Monitoring Frequency and Schedule
3.2.5
The monitoring schedule is
presented in Appendix E and the frequency and parameters of noise
measurement are summarized in Table 3.4.
Table 3.4 Noise Monitoring Frequency and Parameters
|
Time Period |
Duration / min. |
Parameters |
Frequency |
|
Daytime (0700 to 1900) |
30 (6 consecutive Leq(5min) in
average) |
Leq,
L90 & L10 |
Once
per week |
|
*Evening (1900 to 2300) |
5 |
Leq,
L90 & L10 |
Six
times per week |
|
*Night (2300 to 0700 next day) |
5 |
Leq,
L90 & L10 |
Four
times per week |
|
*Holiday (0700-1900 on holidays) |
5 |
Leq,
L90 & L10 |
Six
times per week |
* Restricted hour noise monitoring: to be
conducted only when there is construction work carried out under valid CNP.
3.2.6
For Phase 1 Contract, a total
of five noise sensitive receivers were identified according to the EM&A
Manual. The noise monitoring stations,
namely NSR1 and NSR2, had already commenced since the commencement of the
construction of the Phase 1 Contract.
For NSR3, the noise monitoring was carried out since 17th
December 2004. Two other potential
sensitive receivers were also identified at Site 6 and CDA site, but no
baseline monitoring was carried out at these sites as they are not occupied by
residents.
3.2.7
The three monitoring stations
(NSR1, NSR2 and NSR3) are detailed in Table 3.5 and presented in Appendix F.

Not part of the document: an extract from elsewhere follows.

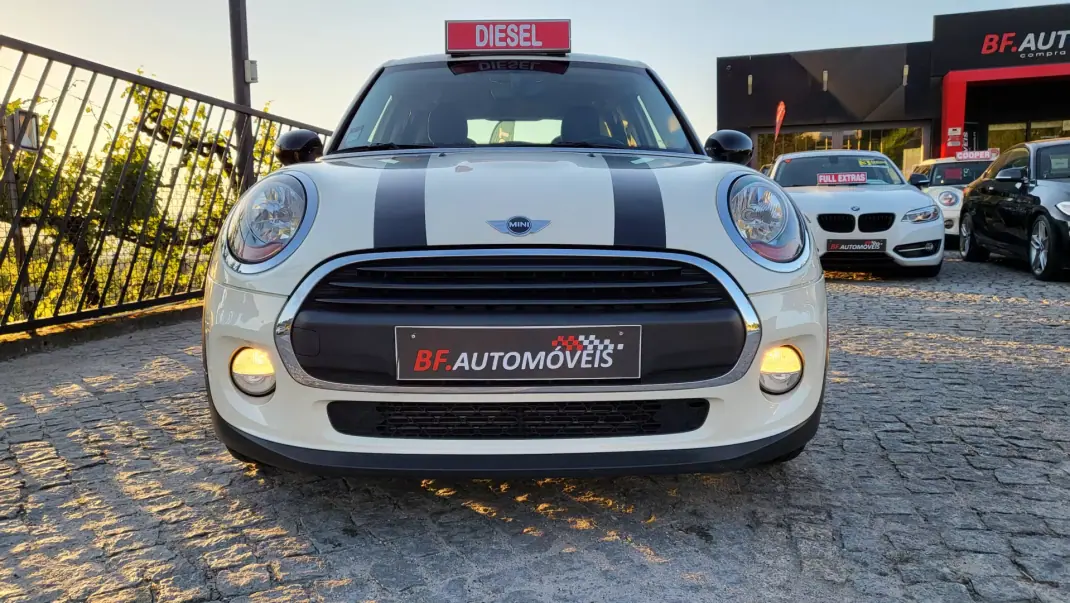 MINI 5 Portas 2015 - 9500 EUR, 259122 km - 259122km - foto 4 de 30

Table 3.5 Location of the Noise Monitoring Stations
|
Location I.D. |
Description |
Type of measurement |
|
NSR1 |
Lai Chi Kok Park Mei Foo Sun Chuen (at the roof of the toilet block) |
Free
Field |
|
NSR2 |
DSD Pumping Station (in the proximity of Stonecutters Military Base) |
Free
Field |
|
NSR3 |
Hoi Lai Estate Hoi Yin House (roof, 40/F) |
Free
Field |
Monitoring
Equipment
3.2.8
Integrating Sound Level Meters
were used for noise monitoring which were Type 1 sound level meters capable of
giving a continuous readout of the noise level readings including equivalent
continuous sound pressure level (Leq) and percentile sound pressure
level (Lx). They comply with
International Electrotechnical Commission Publications 651:1979 (Type 1) and
804:1985 (Type 1). Also, a portable electronic wind speed indicator capable of
measuring wind speed in m/s was used to monitor the wind speed. Table
3.6 summarizes the noise monitoring equipment required.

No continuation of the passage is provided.